-- Opening Marker --

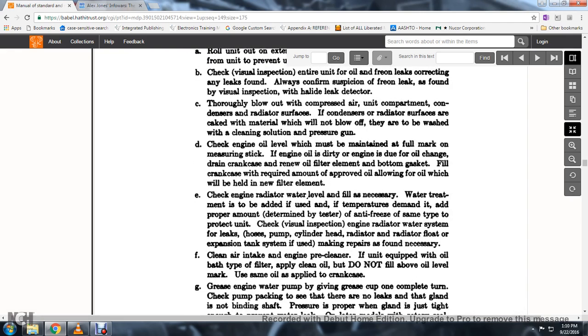If the condensing radiator surfaces are caked with material and will not blow off, use air and wash with a cleaning solution under pressure. Check the engine oil level, which must be maintained at the full mark on the measuring stick.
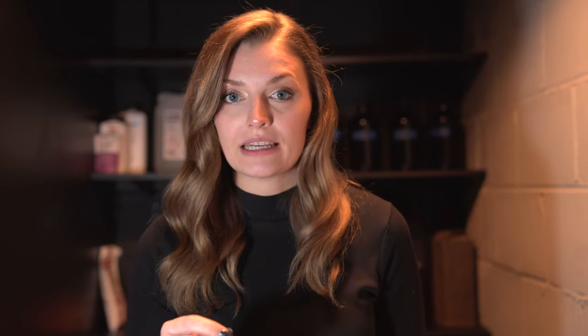I started out with an Ilford simplicity pack. I wanted to make sure that developing film at home was something that was for me, and this gave me the information I needed to see whether or not it was a good fit. To open your film canister, you can get something online that allows you to do this, or a simple bottle opener works great. Honestly, there's no difference — whichever works for you.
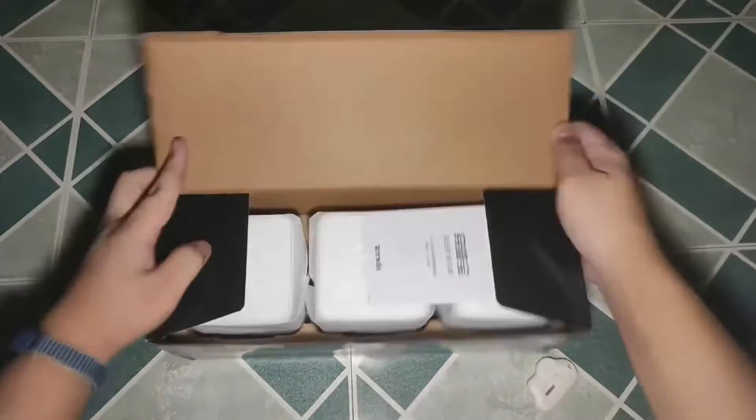Two years ago, I shared with you my first experience on mesh Wi-Fi routers with my Tendon Nova MW3 and reviewed here on our channel. Now with a much faster fiber Wi-Fi boost that we have right now, it's time to upgrade. But with a sea of new mesh routers on the market now, and they're pretty expensive too, what's the perfect product to get that can give you faster internet without burning our wallets?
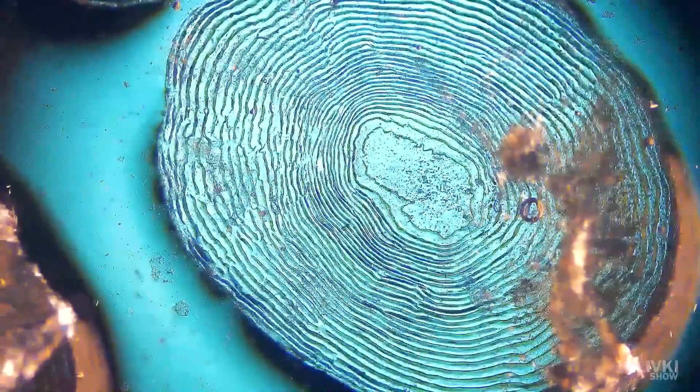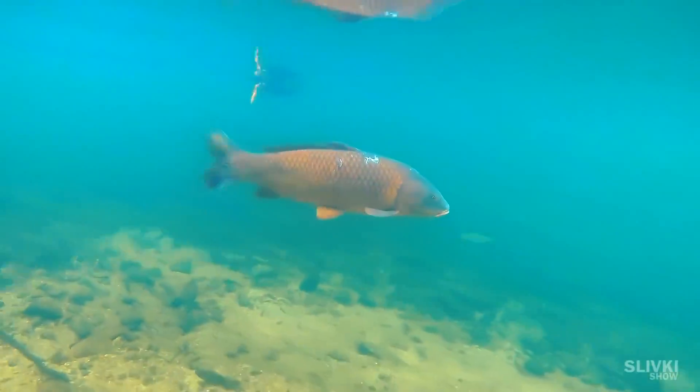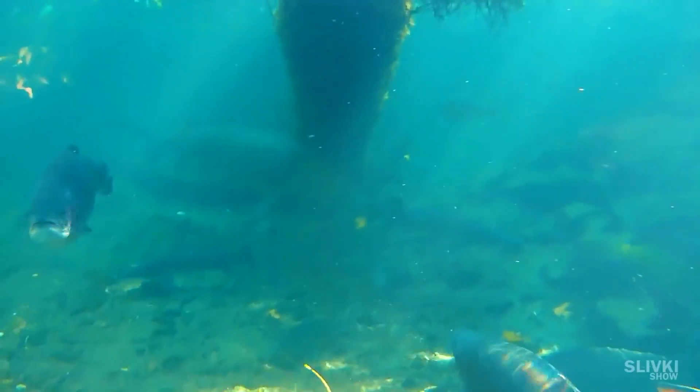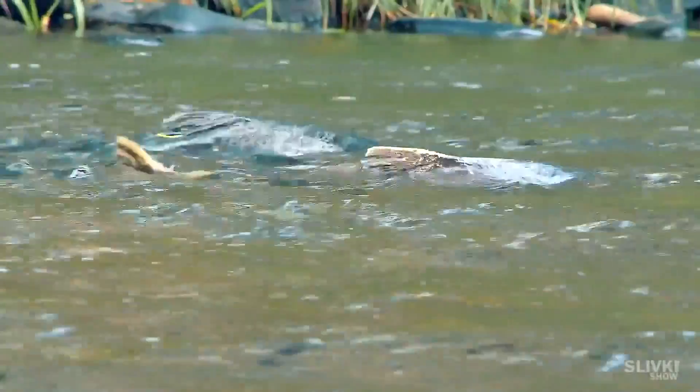Scales give the body of a fish a streamlined exterior and reduce resistance to movement in the water, by smoothing out faults and irregularities in the skin formed during movement. They also have a protective function during collision with branches or sharp rocks.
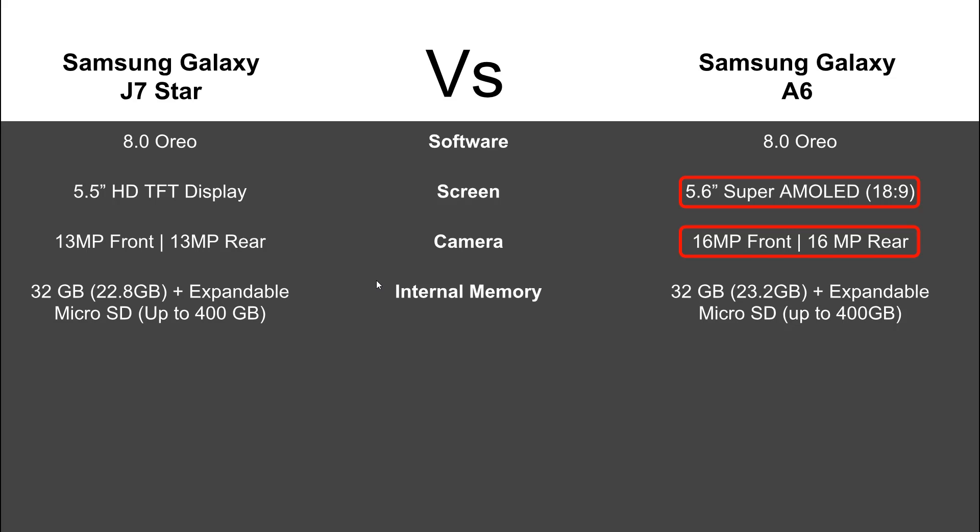Memory-wise, they both advertise 32 gigs, though it varies slightly after subtracting the OS and pre-installed apps. The Samsung Galaxy A6 has 23.2 gigs available after the OS, whereas the J7 Star has 22.8 — a difference of about half a gig. The only con I have with the A6 is that for the price point, I expected 64 gigs, but it doesn't have that.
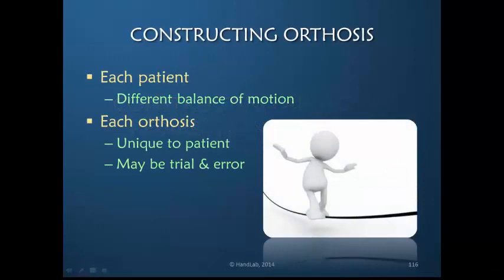To construct an appropriate orthosis for active redirection for increasing PIP joint motion, it's very important to remember that each patient may have a different balance of motion. It's not a matter of saying it's the long finger, I always want to make this design, because the patient may be hypermobile in some other joints or really stiff in some other joints. Each orthosis needs to be unique to each patient.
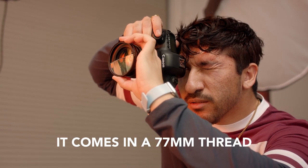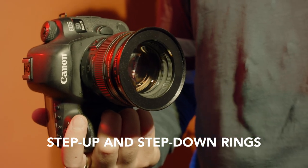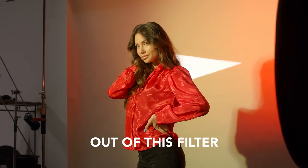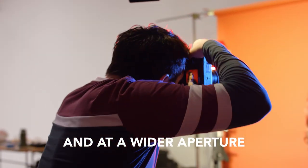It comes in a 77mm thread and if needed, we have step up and step down rings ranging from 58 to 82mm. In order to get the most out of this filter, I would suggest shooting with a longer focal length and at a wider aperture.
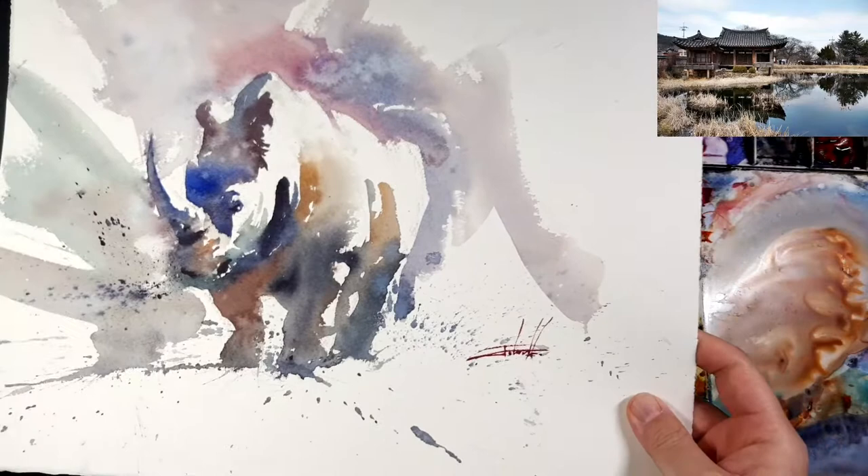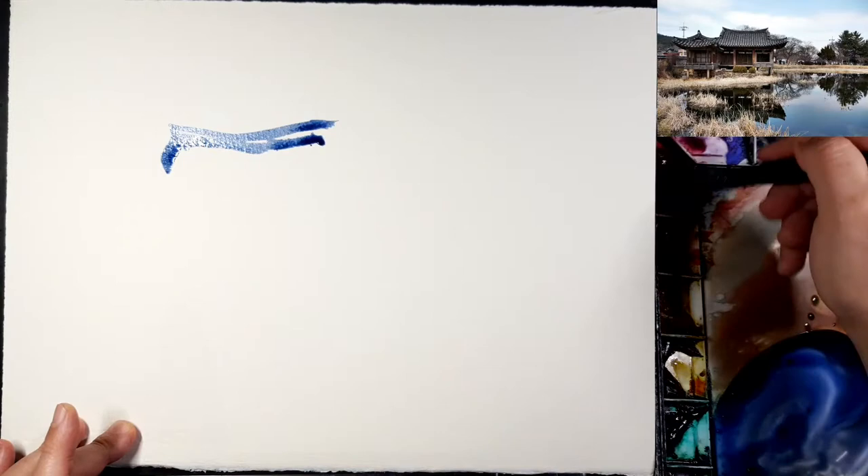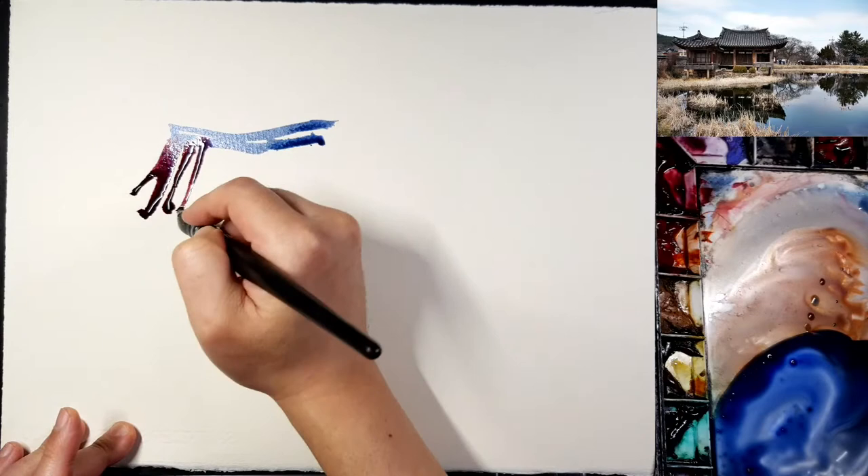Excuse me about my voice — I have a bit of a cold so it's not so clear. Today I want to paint without a sketch; we call it direct watercolor. We don't need to paint the exact color of the original source, so I will change the color as I want, going for this kind of spontaneous feel.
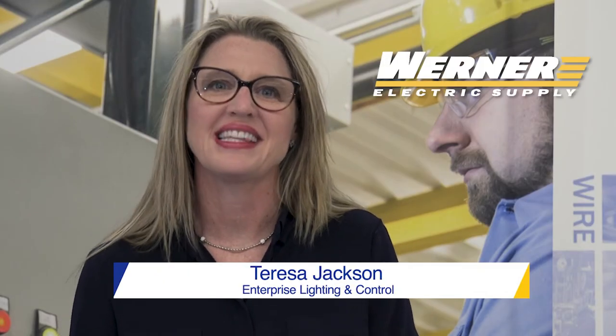Hi, I'm Teresa Jackson with Enterprise Lighting, and I'm here with you today at Werner Electric to tell you about my favorite wrap, the BLWP by Acuity Brands Lighting.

-- Closing Marker --

Print exactly the line containing "Excuse me about" and every line after it through the final line above, and leave all pictures out.

__SOLUTION TO THIS EXERCISE__:
Excuse me about my voice — I have a bit of a cold so it's not so clear. Today I want to paint without a sketch; we call it direct watercolor. We don't need to paint the exact color of the original source, so I will change the color as I want, going for this kind of spontaneous feel.
Hi, I'm Teresa Jackson with Enterprise Lighting, and I'm here with you today at Werner Electric to tell you about my favorite wrap, the BLWP by Acuity Brands Lighting.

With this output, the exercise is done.